他把钱和值钱东西装进布包,又拿了些粮票布票。最后去厨房拿了一袋白面和几个鸡蛋——逃命要力气,得吃东西。
完事,站门口,最后看了一眼。
王主任躺地上,眼睛还睁着,死不瞑目。血淌了一大片,半个地面都红了。昏黄的灯照着,跟做梦似的。
第几个了?
秦淮茹,易中海残了,现在是王主任。
还有。
贾东旭,傻柱,许大茂,刘光天,阎解成……那晚张嘴诬陷他的,对陈家落井下石的。
一个都不留。
推门出去,轻轻带上。楼道黑漆漆的,没灯。摸黑下楼,走出单元门。
外面月光很好,照得街上银白一片。远处有狗叫,隐隐约约有收音机声,谁家在听样板戏。
日子照常过,好像什么都没发生。
他裹紧破棉袄,背上布包,往城北走。得换个地方,王主任死了,公安很快就知道,搜捕会更严。

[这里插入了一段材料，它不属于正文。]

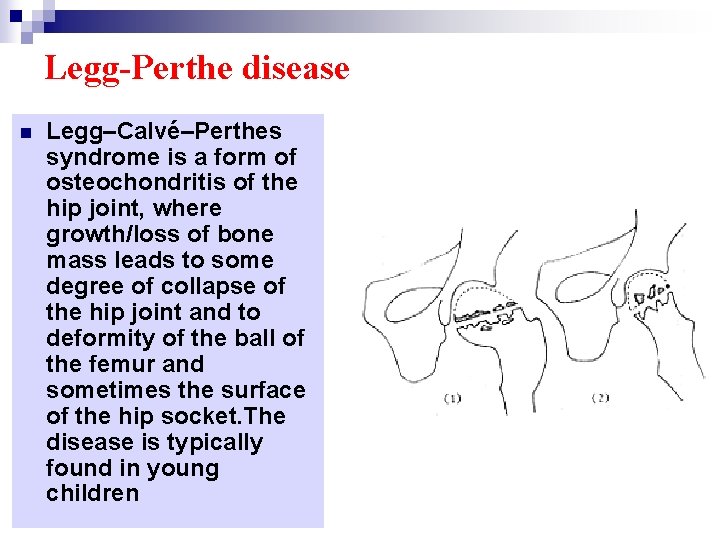 Legg-Perthe disease n Legg–Calvé–Perthes syndrome is a form of osteochondritis of the hip joint,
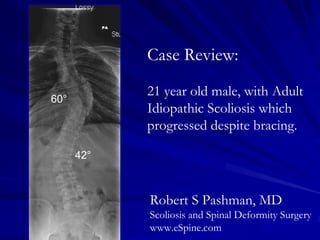 Case Review:
            21 year old male, with Adult
60°
            Idiopathic Scoliosis which
            progressed despite bracing.

      42°



            Robert S Pashman, MD
            Scoliosis and Spinal Deformity Surgery
            www.eSpine.com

走到护城河边,看着黑漆漆的河水。水面碎着月光,一片一片的。
“小雨,”他低声说,“哥又杀了一个。他们都是害咱家的。你会怪哥吗?”
河水静静流,没声儿。
他站了很久,直到远处传来哨子声。由远及近,又由远及近,不是冲他来的,兴许是别的案子。
但他知道,很快就会有更多哨子声,更多公安,全城搜他。
不怕。
从越狱那天起,他就没想过活着离开这城。他要做的,就是在被抓之前,把仇人都送下去。
转身,离开。
消失在夜色里。
第二天一早,王主任没来上班。
街道办李干事觉得怪,王主任一向准时,今儿咋了?打几个电话,没人接。十点,觉得不对,叫上两个人去她家看看。
敲门没人应,门反锁着。李干事心里咯噔一下,找居委会的人拿备用钥匙开门。
门一开,血腥味冲出来。
“啊——!”跟来的女干事尖叫起来。
王主任躺血泊里,早硬了。脖子上一道深口子,眼睛瞪老大,脸上凝固着死之前的恐惧。
李干事腿一软,差点摔。他强撑着退出来,哆嗦着说:“报……报警!快!”
十分钟后,派出所来人。
张公安看到现场,脸铁青。蹲下看尸体,又看屋里翻动的痕迹。
“死亡时间昨晚八到十点。”法医初步判断,“一刀毙命,凶手手法熟练。”
张公安站起来,屋里转一圈。抽屉被翻过,值钱东西没了。看着像入室抢劫杀人。
但他知道不是。
“陈峰。”他低声对助手说,“给了三天,三天到,他来收账了。”
助手脸发白:“张队,这……这是第三条人命了。再不抓住他……”
“我知道。”张公安打断,“通知各分局,加强巡逻,全城搜。重点查废弃房、桥洞、棚户区。还有,派人保护四合院那几个人,陈峰下一个目标可能就是他们。”
“是!”
张公安走出王主任家,站楼道里点了根烟。烟雾里,想起陈峰被带走时那双眼睛——冷,绝望,刻骨的恨。
当时他就觉得,那小子不会善罢甘休。可他没想到,会这么狠,这么绝。
三条人命。不,易中海没死,可也废了。四条。
而且没完。
他深吸一口烟,吐出来。陈峰现在就是台杀人机器,脑子里就一个念头——复仇。要阻止他,只有两个法子:要么抓住,要么……在他杀光所有人之前拦住。
可怎么拦?陈峰在暗,他们在明。他没固定住处,没社交圈,可能连固定食物来源都没有。这种人,最难抓。
掐灭烟,下楼。
外面阳光刺眼。可他心里冰凉。
这场追捕和复仇的游戏,才刚进高潮。
代价,可能是更多血,更多人命。